[Opening DATASET RECORDS section]
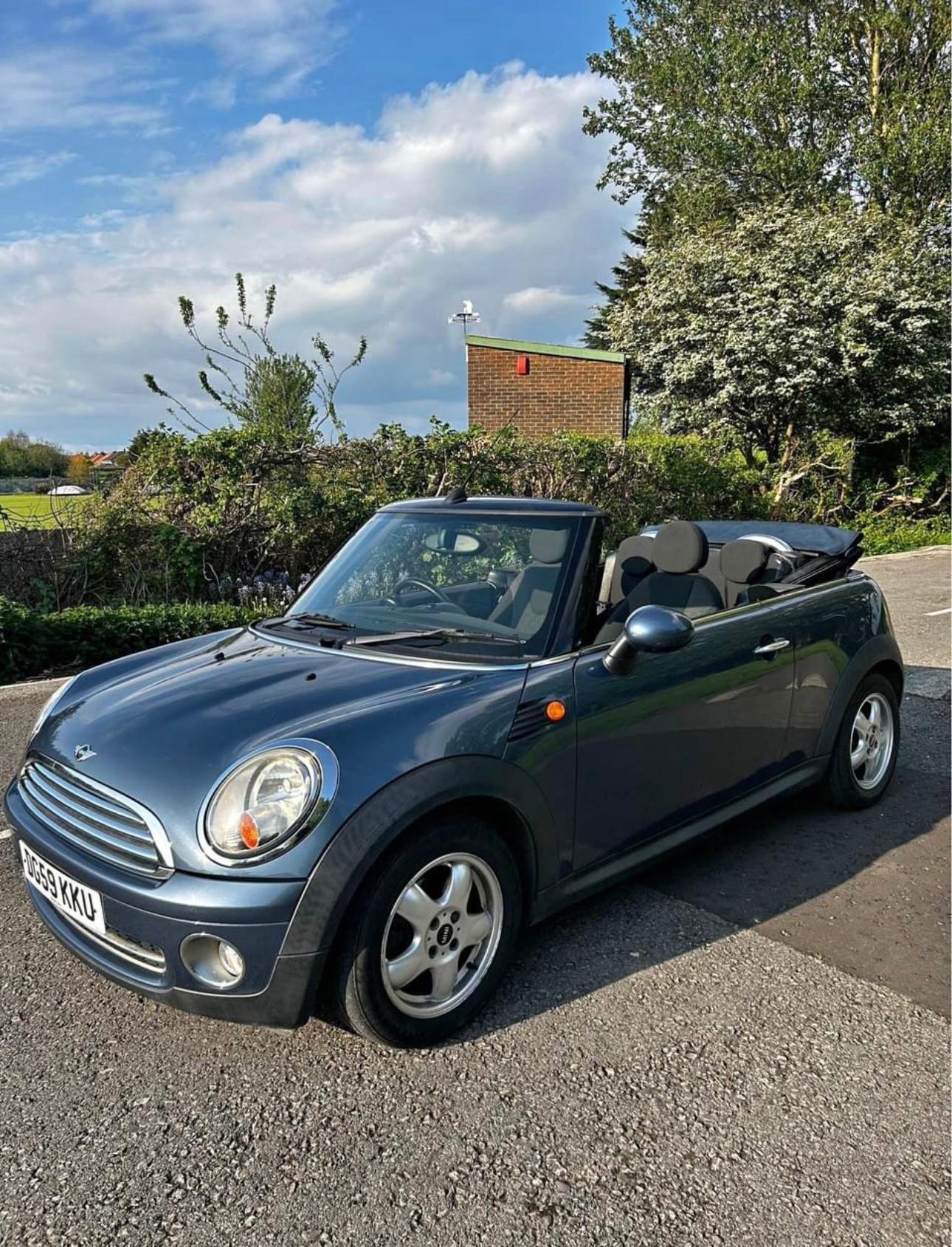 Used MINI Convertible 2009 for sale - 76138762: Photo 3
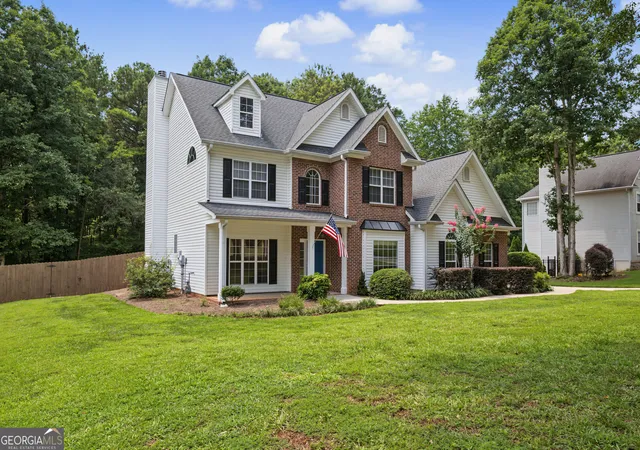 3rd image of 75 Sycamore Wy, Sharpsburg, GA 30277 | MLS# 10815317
[Closing DATASET RECORDS section]
[Opening DATASET RECORDS section]
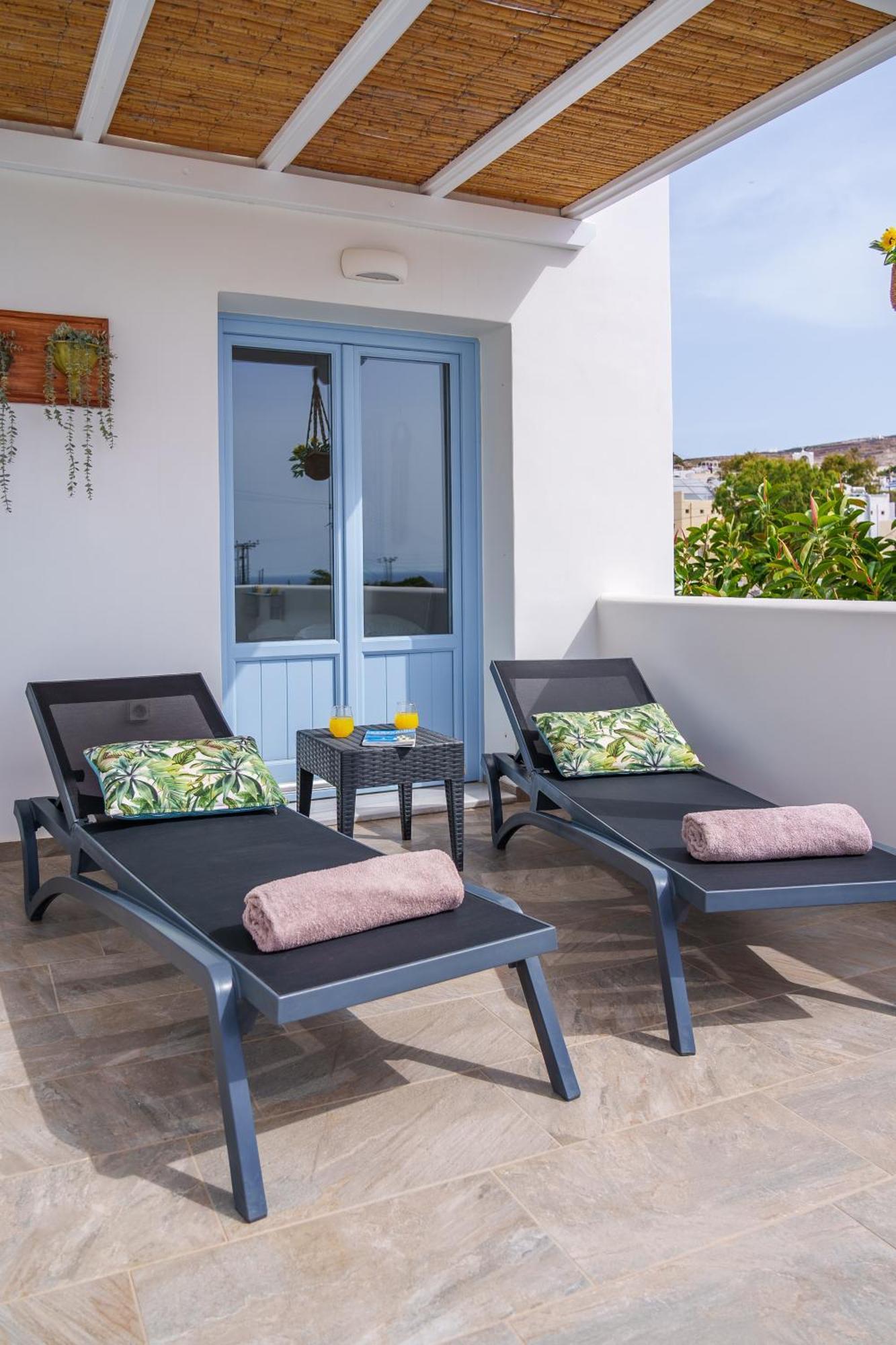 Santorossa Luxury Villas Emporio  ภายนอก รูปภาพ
[Closing DATASET RECORDS section]
- **YOUR TASK**:
Among the lines above, the one with "Used MINI Convertible" opens the part to repeat and the one with "3rd image of" closes it; repeat only that part exactly, with no pictures.

- **ANSWER**:
 Used MINI Convertible 2009 for sale - 76138762: Photo 3
 3rd image of 75 Sycamore Wy, Sharpsburg, GA 30277 | MLS# 10815317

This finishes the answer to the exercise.